It is undoubtedly the year of Ayo Edebiri. From a second-season Emmy nomination for her role as Sydney Adamu on Hulu’s culinary dramedy The Bear to her portrayal of Josie in the satirical coming-of-age teen comedy Bottoms, there was nary a red carpet, premiere or screen untouched by Edebiri’s presence, and I’d like to think we’re all the better for it.
Outside her fictional kitchen garbs, the 28-year-old star has been pulling off look after look with zero hesitation. A Thom Browne muse if we’ve ever seen one as the three-time CFDA men’s Designer of the Year award winner has been a major weapon in her sartorial arsenal. Brown has styled Edebiri for numerous shoots and premieres and even made a cameo at the end of The Bear‘s second season when series protagonist and head chef Carmy gifts Edebiri’s character a pair of embroidered Thom Browne Chef’s whites.
Perhaps one of the most solidifying moments of the pair’s relationship was Edebiri’s front-row placement at Brown’s first couture show. Seeing two powerhouse creatives share a first (Edebiri says the event was her first fashion show), offered an appreciated moment of connection in the pair’s vastly different career timelines.
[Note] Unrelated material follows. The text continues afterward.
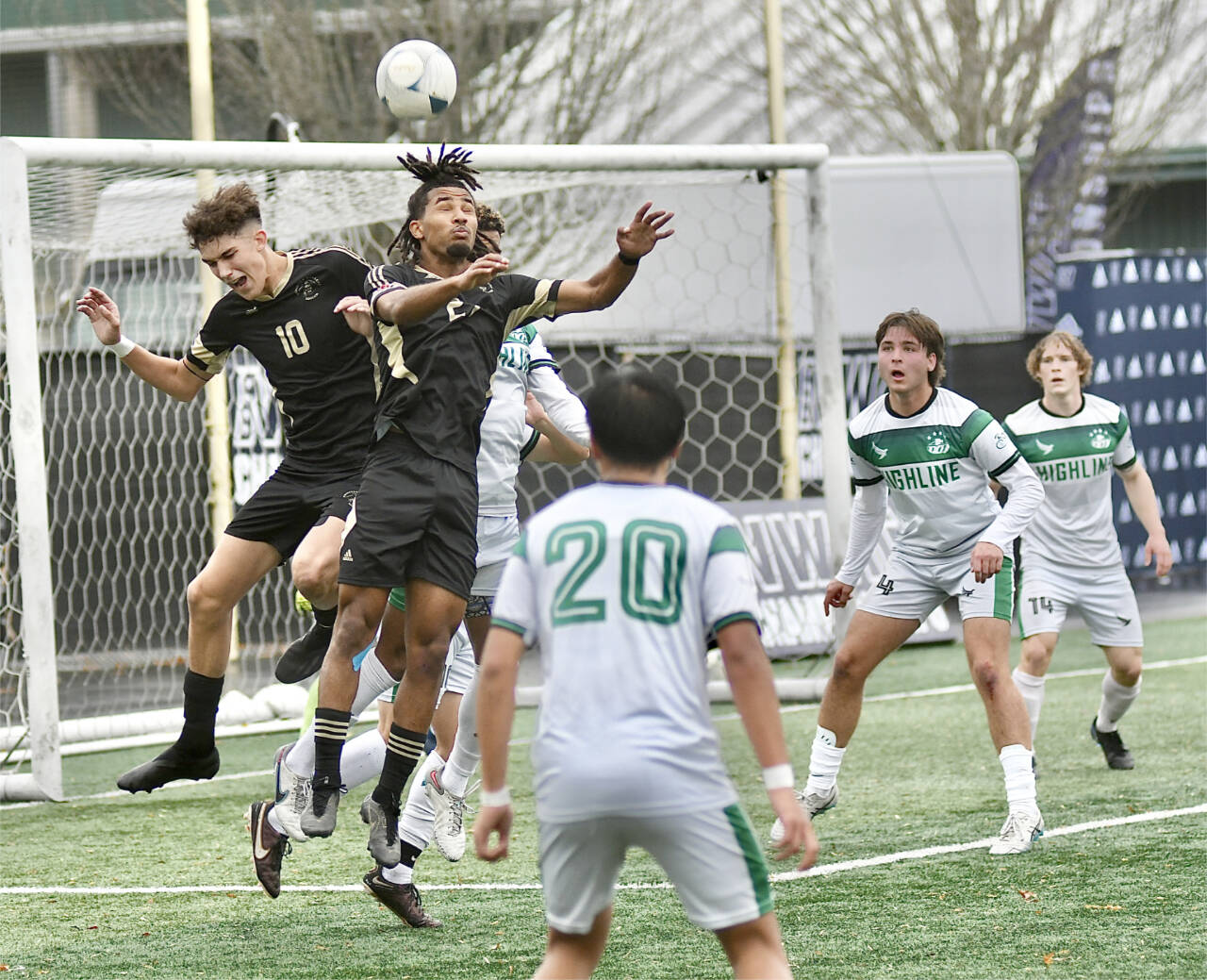 Photo by Jay Cline/Peninsula College
Peninsula College’s Nil Grau, left, and Abdurahim Leigh battle for a ball in front of the Highline net in the NWAC title game on Nov. 12 in Tukwila.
Despite earning the metaphorical stamp whisk of approval from one of the biggest names in contemporary fashion, though, social media has not been as kind regarding Edebiri’s drapings.
On Twitter, her looks have been the source of scrutiny and ridicule, with some dubbing her style as indicative of a lack of Black friends, digitally banishing her to the outskirts of wrong-kind-of-Black-ville where previous residents include Beats-era-JT and anyone else with remote adjacency to the alt fashion space.
“Ayo is very pretty, but I need her to get some Black friends. I was always tryna figure out why she looks ‘like that.’ It’s cause her friends are white,” read one tweet.
Succinctly, Edebiri is far from the only Black woman to meet this fate, as these critiques come into play when any Black woman decides to step out of the pre-approved aesthetics boxes of how a Black woman “should” dress or present.
Presently, though, it nearly seems redundant to still have to explain that Black women, in any arena, are not a monolith. But when such conversations arise, it does give way to disillusions regarding how far we have (or have not, as current events suggest) come in divesting from stylistic stereotypes. This typecasting, no matter how eloquently worded, well-intentioned or perfectly sandwiched between buffer compliments, stifles creativity and places unseemingly limitations on one of the few creative vessels accessible to us.
Collective realization that expressions of style can and should vary from person to person. Yes, chef!